Ant trails are far more complex and sophisticated than we imagined. This is necessary for large teams to coordinate the job of getting heavy food items to the nest, new research has found. The study reveals the most efficient way of getting pieces of food too large for one ant to carry back to the nest involves the use of “locally-blazed trails”, rather than the perfect scent-marked paths seen elsewhere. The solutions provide a useful model for making drones collaborate.
The capacity of ants to work together to bring food back to the nest, sometimes in huge groups, can be astonishing. As a video of ants forming a daisy chain demonstrates, it is much harder than everyone just grabbing on and heaving. For creatures with such tiny brains, this coordination is remarkable.
Equally challenging is finding the way back to the nest when carrying a load too heavy for a single ant. A path that may be easily accessible to a lone ant is often too narrow or obstructed for a team working in unison. Despite the remarkable efficiency of the ant brain, there just isn't room in there to calculate a path the whole team can follow, so Dr Ofer Feinerman of the Weizmann Institute of Science in Israel, figured there had to be another way.
In previous work on the same topic, Feinerman showed that longhorn crazy ants (Paratrechina longicornis) working as a team will change direction and accept new leadership when a new ant arrives with up-to-date information about the best route.
Now in eLife, Feinerman and co-authors report that non-load-carrying longhorns lay down scent for those carrying the burden to follow.
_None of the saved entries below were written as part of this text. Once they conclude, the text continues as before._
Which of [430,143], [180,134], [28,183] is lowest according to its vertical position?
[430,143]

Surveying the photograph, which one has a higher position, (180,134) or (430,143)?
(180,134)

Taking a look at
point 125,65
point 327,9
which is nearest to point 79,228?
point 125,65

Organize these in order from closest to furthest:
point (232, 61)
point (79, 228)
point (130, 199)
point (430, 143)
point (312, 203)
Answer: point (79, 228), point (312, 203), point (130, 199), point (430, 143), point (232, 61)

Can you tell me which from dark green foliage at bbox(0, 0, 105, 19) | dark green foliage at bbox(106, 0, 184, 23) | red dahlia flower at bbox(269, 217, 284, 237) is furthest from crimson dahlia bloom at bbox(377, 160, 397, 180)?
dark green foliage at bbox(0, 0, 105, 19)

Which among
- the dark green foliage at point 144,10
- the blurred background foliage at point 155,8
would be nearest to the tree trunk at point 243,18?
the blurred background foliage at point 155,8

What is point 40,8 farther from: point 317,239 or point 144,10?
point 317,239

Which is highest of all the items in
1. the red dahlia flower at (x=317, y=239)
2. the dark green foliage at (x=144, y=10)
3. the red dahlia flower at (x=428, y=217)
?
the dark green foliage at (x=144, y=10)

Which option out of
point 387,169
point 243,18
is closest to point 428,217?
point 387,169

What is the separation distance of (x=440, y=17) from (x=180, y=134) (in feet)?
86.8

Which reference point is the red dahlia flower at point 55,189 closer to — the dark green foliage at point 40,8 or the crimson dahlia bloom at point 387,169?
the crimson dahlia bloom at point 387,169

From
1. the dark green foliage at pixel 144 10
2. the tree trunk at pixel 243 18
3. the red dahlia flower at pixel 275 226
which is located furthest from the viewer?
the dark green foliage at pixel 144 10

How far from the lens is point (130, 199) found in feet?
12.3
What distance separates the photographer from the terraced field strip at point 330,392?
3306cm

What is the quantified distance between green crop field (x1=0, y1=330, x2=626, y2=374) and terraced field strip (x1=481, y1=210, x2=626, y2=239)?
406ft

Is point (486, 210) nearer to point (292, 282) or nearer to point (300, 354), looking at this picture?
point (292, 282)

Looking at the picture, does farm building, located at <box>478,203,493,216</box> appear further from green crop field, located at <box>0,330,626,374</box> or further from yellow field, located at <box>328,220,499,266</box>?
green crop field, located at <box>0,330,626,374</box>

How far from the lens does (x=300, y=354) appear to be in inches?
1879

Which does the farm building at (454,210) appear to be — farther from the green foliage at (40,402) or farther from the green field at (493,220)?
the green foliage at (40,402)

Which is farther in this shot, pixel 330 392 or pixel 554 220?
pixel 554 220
The fact ants use scent to guide other members of the colony during foraging is already well known, but this is the first demonstration that it is also used during food retrieval.
The authors invented an automated scent detecting machine so they could track what the ants smell. They reveal that longhorns lay short trails that tell the food-carrying team where to go next, rather than guide the whole way back to the nest. Feinerman calls these “locally-blazed trails”. The chemicals used in local-blazing evaporate more quickly than those for foraging trails, avoiding confusion for future colony members who might come upon them.
Even these trails are often ignored. In contrast to those designed to be followed by ants on their own, locally-blazed trails seem to be treated as general advice, rather than doctrine to be followed at all costs.
This sounds like a recipe for chaos, but using a mathematical model – one whose predictions were verified with actual ants – the authors found it represents an efficient response to the problems ants face.
The findings explain the work by a separate team, explained in this video, on how longhorn ants respond to different sorts of obstacles.
University of Colorado's Helen McCreery demonstrates how longhorn ants respond to different sorts of obstacles. Madison Sankovitz/McCreery et al.
The ants don't always get it right. Sometimes they find themselves lugging their food into a dead end, and have to backtrack. As the authors in the paper put it: “We find that while the information conveyed by scent marks is typically precise, it is occasionally misleading.”
Nevertheless, out of this mix of good and bad advice comes a system so effective it has allowed the longhorn ants to become an invasive species over much of the planet.
Given this success, we might learn a lot from the solution ants have evolved over millions of years. Besides robot coordination, the authors believe the work could inspire more efficient transport or communication networks.